Synthesis and chemical characterization of the chalcogenide capped iridium carbonyl anions: [Ir3(µ3-X)2(CO)6]–(X = S or Se). Crystal and molecular structures of [NMe3(CH2Ph)][Ir3(µ3-S)2(CO)6] and [NMe4][Ir3(µ3-Se)2(CO)6

Abstract

Reaction of [Ir4(CO)12] or [Ir6(CO)16] in tetrahydrofuran with SCN–, SeCN– or polysulphides in MeOH gives the trinuclear anions [Ir3(µ3-X)2(CO)6]–(X = S or Se) which have been isolated and investigated by X-ray analysis. The salt [NMe3(CH2Ph)][Ir3(µ3-S)2(CO)6](1) crystallizes in the monoclinic space group P21/n(no. 14) with a= 9.303(2), b= 17.295(3), c= 28.274(4)A, β= 94.19(2)°, Z= 8, R= 0.027 for 3 676 significant independent reflections having I > 3σ(I). The salt [NMe4][Ir3(µ3-Se)2(CO)6](2) crystallizes in the monoclinic space group C2/c(no. 15) with a= 15.930(3), b= 7.877(2), c= 15.040(2)A, β= 108.22(2)°, Z= 4, R= 0.025 for 1 045 significant independent reflections having I > 3σ(I).
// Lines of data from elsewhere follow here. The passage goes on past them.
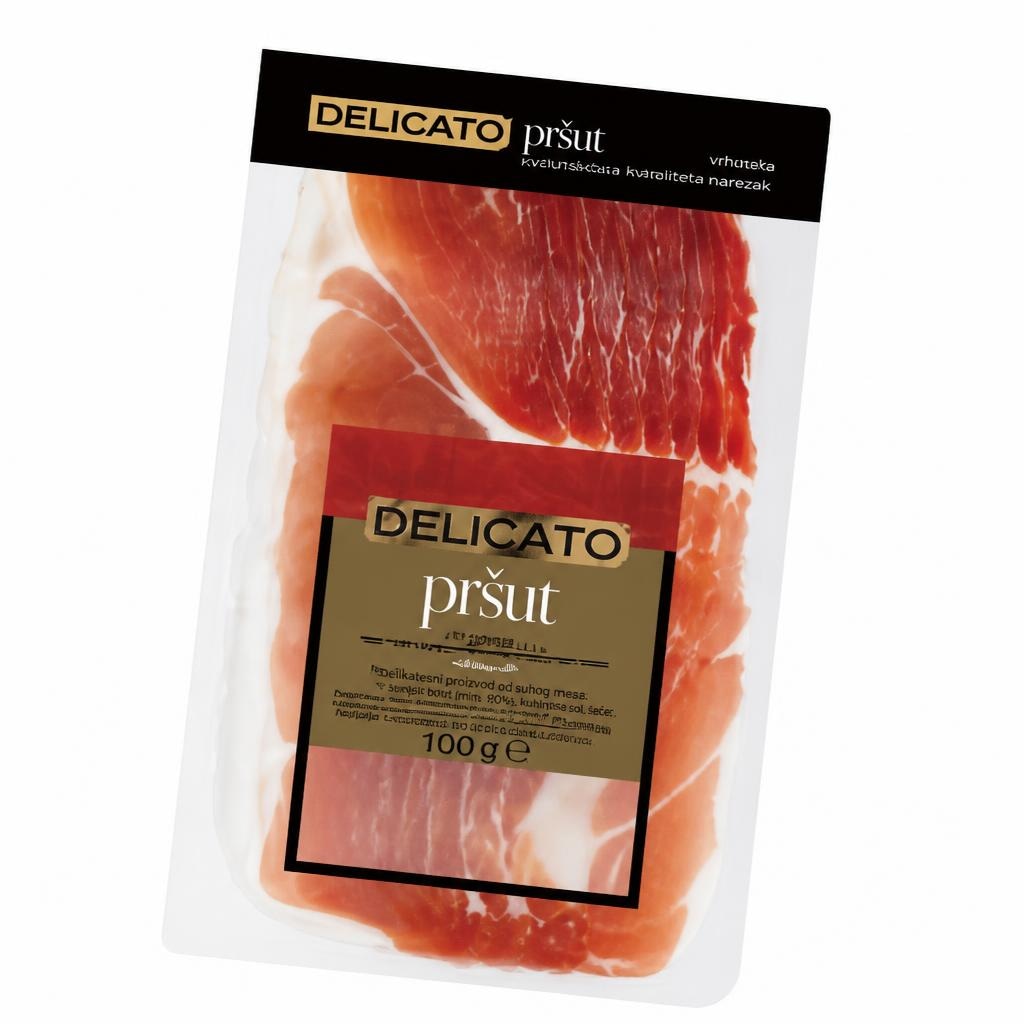 Delicato pršut 1 kg Akcija u trgovini Tommy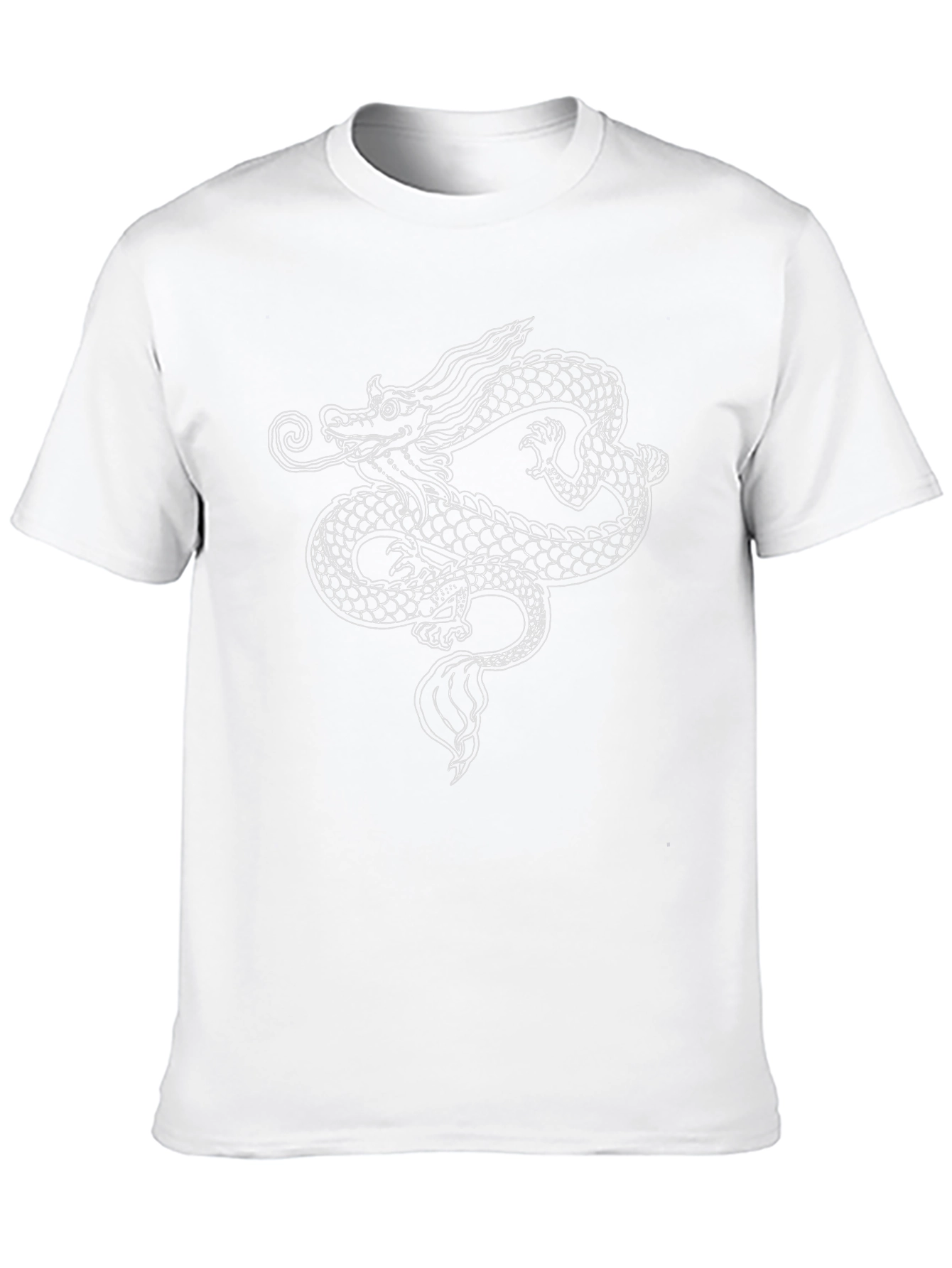 Dragon Graphic Print Mens Black T-Shirt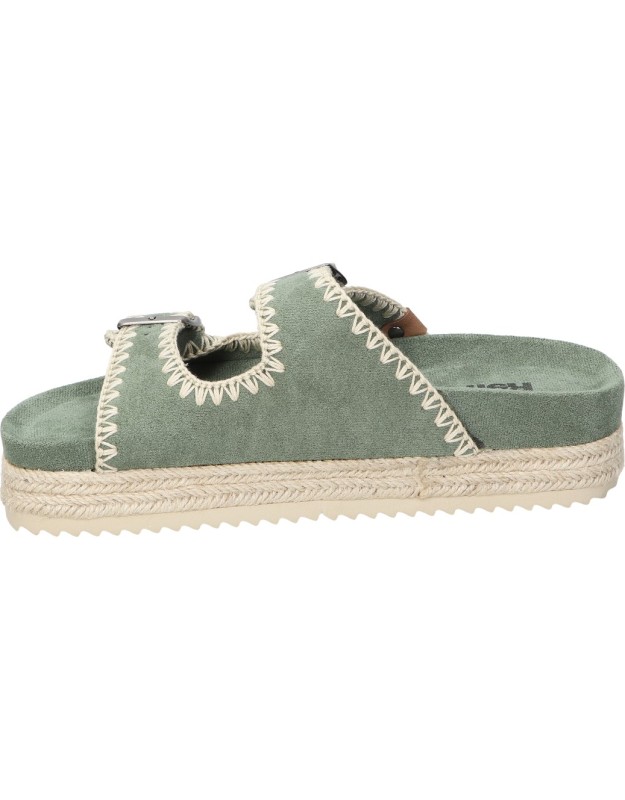 Sandalias veganas con plataforma para mujer REFRESH 171950 verde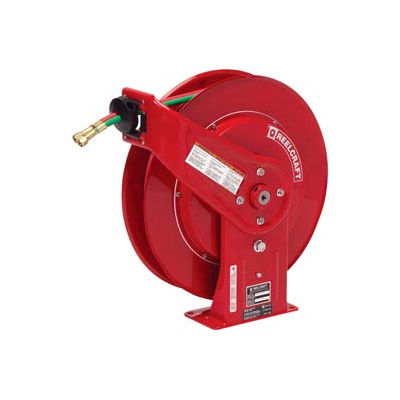 Reelcraft TW7460 OLP 1/4"x 60' 200 PSI Spring Retractable Welding Cable Reel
Both structures were solved by conventional Patterson and Fourier methods and refined by full-matrix least-squares methods. The anions consist of an Ir3 triangle bicapped by triply bridging chalcogenide atoms. Each iridium atom, bearing two terminal CO groups, displays an almost square-planar geometry with respect to the ligands. In both compounds the Ir–Ir distances are long [mean values 3.086(1) and 3.170(1)A for compounds (1) and (2) respectively] and suggest a very weak (if any) metal–metal interaction. The two anions can be considered therefore as trinuclear IrI metal aggregates rather than triangular clusters.